I understand — I understand this, that freedom is not America’s gift to the world; freedom is an almighty God’s gift to each man and woman and child in this world.

Religious freedom is a foundation of fundamental human and civil rights. And when the United States promotes religious freedom, it is promoting the spread of democracy. And when we promote the spread of democracy, we are promoting the cause of peace.

Religious freedom is more than the freedom to practice one’s faith. It is also the obligation to respect the faith of others.

So to stand for religious freedom, we must expose and confront the ancient hatred of anti-Semitism wherever it is found. When we find anti-Semitism at home, we will confront it. When we find anti-Semitism abroad, we will condemn it. And we condemn the desecration of synagogues in Gaza that followed Israel’s withdrawal.

Under America’s system of religious freedom, church and state are separate. Still, we have learned that faith is not solely a private matter. Men and women throughout our history have acted on the words of Scripture, and they have made America a better, more hopeful place.

When Rabbi Abraham Heschel marched with Martin Luther King, we saw modern-day prophets calling on America to honor its promises. We must allow people of faith to act on their convictions without facing discrimination. And that’s why my administration has started a faith-based and community initiative to call on the armies of compassion to help heal broken hearts. A few years ago in New York, the Metropolitan Council on Jewish Poverty was discouraged from even applying for federal funds, because it had the word “Jewish” in its name.
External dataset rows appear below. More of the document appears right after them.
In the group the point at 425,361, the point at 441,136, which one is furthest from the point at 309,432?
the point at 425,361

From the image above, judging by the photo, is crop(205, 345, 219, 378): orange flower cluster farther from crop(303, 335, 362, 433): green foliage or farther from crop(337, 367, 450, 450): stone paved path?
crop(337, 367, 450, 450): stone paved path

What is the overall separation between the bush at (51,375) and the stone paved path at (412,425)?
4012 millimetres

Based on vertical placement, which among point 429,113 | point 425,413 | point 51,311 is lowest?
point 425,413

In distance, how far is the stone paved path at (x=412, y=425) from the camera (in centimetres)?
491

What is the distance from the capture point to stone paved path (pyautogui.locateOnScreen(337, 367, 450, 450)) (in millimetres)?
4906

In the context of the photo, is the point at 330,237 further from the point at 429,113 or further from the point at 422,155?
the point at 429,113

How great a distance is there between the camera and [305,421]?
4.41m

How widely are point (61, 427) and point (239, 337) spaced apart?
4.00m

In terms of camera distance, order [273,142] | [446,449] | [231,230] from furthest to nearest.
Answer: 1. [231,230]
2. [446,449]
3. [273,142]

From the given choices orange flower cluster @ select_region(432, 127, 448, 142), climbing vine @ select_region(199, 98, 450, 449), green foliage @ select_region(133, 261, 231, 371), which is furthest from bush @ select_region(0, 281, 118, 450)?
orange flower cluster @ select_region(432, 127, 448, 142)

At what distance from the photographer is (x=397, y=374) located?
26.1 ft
We must end this kind of discrimination if we want America to be a hopeful place.

At this moment, volunteers from all walks of life across our great land are helping the good folks of Alabama and Mississippi and Louisiana recover from one of the worst natural disasters in our nation’s history. The outpouring of compassion is phenomenal. American Jewish organizations have already raised over $10 million, plus the $50,000 tonight, for the victims of Hurricane Katrina.

About half of the 10,000 Jewish Americans who call New Orleans home found refuge in Houston. Rabbi Barry Gelman of the United Orthodox Synagogues of Houston immediately helped organize a task force to aid the evacuees. Five major Israeli universities with study abroad programs are opening their doors to college students whose schools have been shut down by the storm.

These are the good works of good people relying on the wisdom of the Good Book, a book that tells us how God rescued life from the floodwaters. And like Noah and his family, we have faith that as the waters recede, we will see life begin again.

I want to thank you for your patriotism. I want to thank you for compassion. I want to thank you for your love for the United States of America. All of America is grateful to the Jewish people for the treasures you have given us over the past 350 years. May God bless you, and may God continue to bless our country.